Contribute financially to the organization to the best of ones ability and seek financial support
from others outside of the organization.
Recommend others who could serve on the board or be of particular value to the organization in
other capacities.
Avoid any conflicts of interest and situations that would compromise the principles of the
organization or lead to the perception of compromise.
3) Vice President
The vice president is the operations officer of the organization & in this capacity shall:
Perform those functions delegated to the vice president by the president
Perform the duties of the president when the president is unable to perform them.
Serve as the chair of at least one committee that is operational in scope.
4) Secretary
The secretary is the officer responsible for the records and correspondence of the organization &
in this capacity shall:
Perform those functions delegated to the secretary by the president.
Safeguard all the records of the organization.

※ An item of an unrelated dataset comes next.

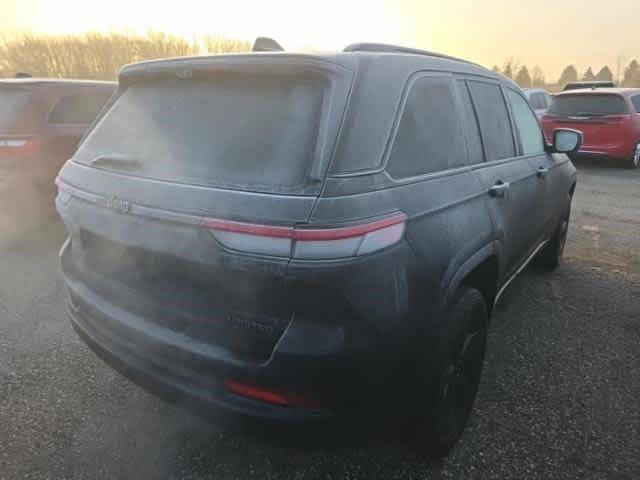 used 2023 Jeep Grand Cherokee car, priced at $32,585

Record and retain the minutes of all board and executive committee meetings and
5) Treasurer
The treasurer is the financial officer of the organization & in this capacity shall:
Perform those functions delegated to the treasurer by the president.
Safeguard the assets of the organization.
Maintain control over the receipt and disbursement of the organizations fund.
Serve as the chair of the Finance committee.
Oversee the preparation of the annual budget.
6) Executive Director
The executive director is not an elected officer, but an employee of the organization. The
executive officer is the chief staff executive & in this capacity shall:
Perform those functions delegated by the president and the board.
Establish a staff structure and hire and train personnel to fit it.
Implement the plans and policies developed by the board.
Operate the national office.
7) Board Committee & Committee Members
The Board of Directors will form committees to perform specific functions, such as financial
oversight, or perform certain work, such as plan the annual convention. Committees may have
non-board members as members except where specifically prohibited. The responsibility of
committee members in all case shall be to:
Be committed to the purpose of the committee.
Became knowledgeable about the work of the committee.
Do the work to the committee.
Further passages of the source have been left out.